Mitch: I would say this. In the short term, it helped.
Diane: Yeah, I bet.
Mitch: And at that time I was grateful to have that when I had no other resources.
Diane: Yeah.
Mitch: And in retrospect, and someone that was on benzos, medication for sleep for almost two decades, I would say yeah, I mean it's there if we need it, and it's supposed to be a short-term thing so that we can get off of it.
And it also feeds into the narrative that we hear from society that, you need to suck it up and get back in the game and push harder, and these symptoms are bad, and we got a pill for that. And so it makes sense that someone would want the Band-Aid, or the crutch
Diane: Yeah
Mitch: and would think, there's a deficiency instead of doing this deeper work that takes time and is, not as sexy as, pop a pill and keep going.
Diane: Yeah. I've had the pills too. I had, treatment resistant depression. Have had the panic attacks, have had the anxiety, because of caregiving. I was both a professional and a family caregiver, and I started at an early age, at 16. So I've always been in, I believe, was survival mode.

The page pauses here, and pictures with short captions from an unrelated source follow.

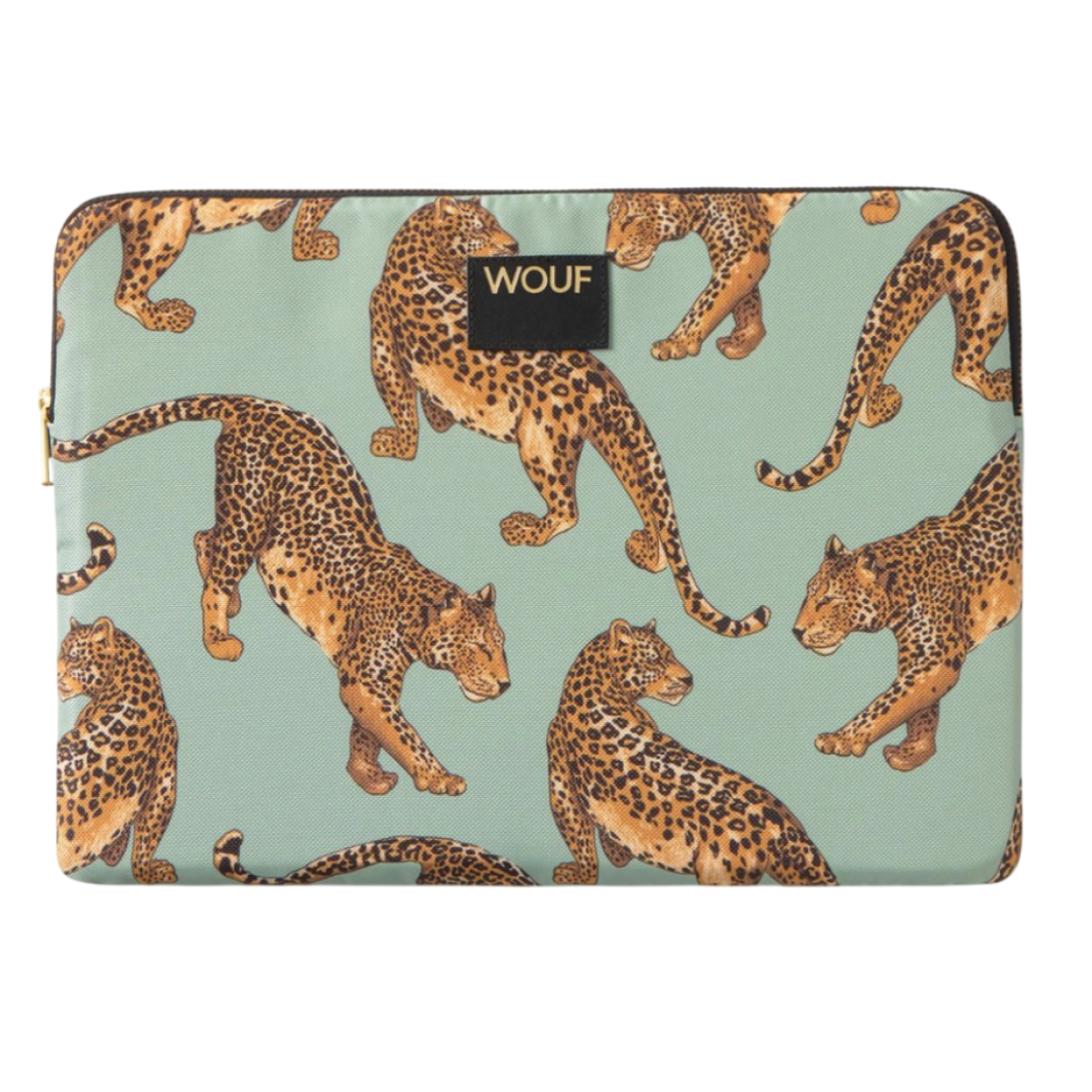 Чохол для ноутбука Laptop bag daily Emerald leopard 13/14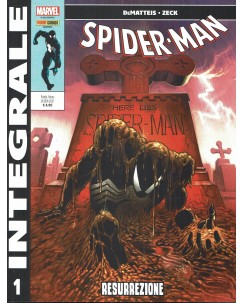 Marvel Integrale 25 Amazing Spider-Man   1 di DeMatteis ed. Panini Comics BO10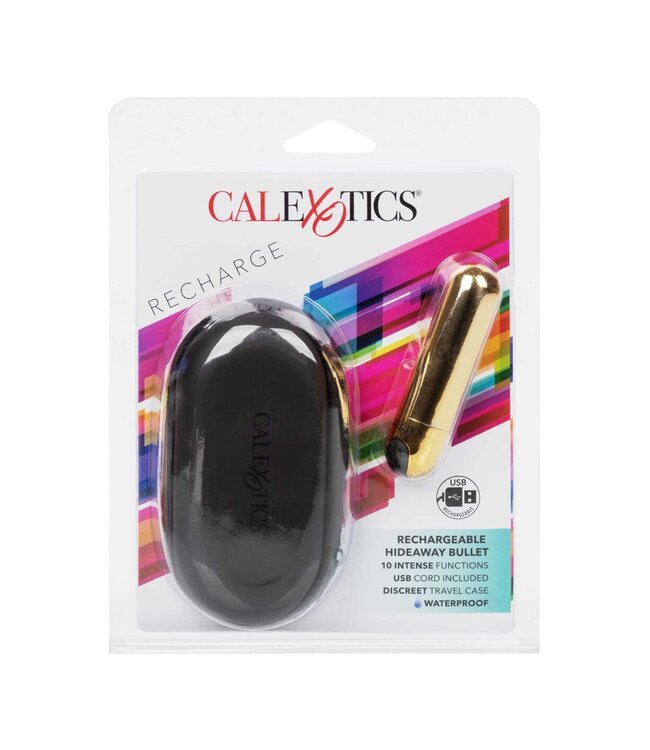 CalExotics Rechargeable Hideaway Bullet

I didn't realize it at the time, but here I am at 73, and I'm like, "Oh, yeah." I did function in survival mode. I was just, I was existing and just, pushing through just to get through every day. So I understand that. So many caregivers feel that constantly exhausted, the anxious or overwhelmed.
Can you explain to us, Mitch, what actually is happening in the nervous system when somebody is under that chronic stress?
Mitch: So what's happening, when we're dysregulated and we're stuck in fight or flight, we're expending a lot of energy, and we got all these symptoms that are trying to get our attention, and we may make that a problem and- or someone's dependent on us.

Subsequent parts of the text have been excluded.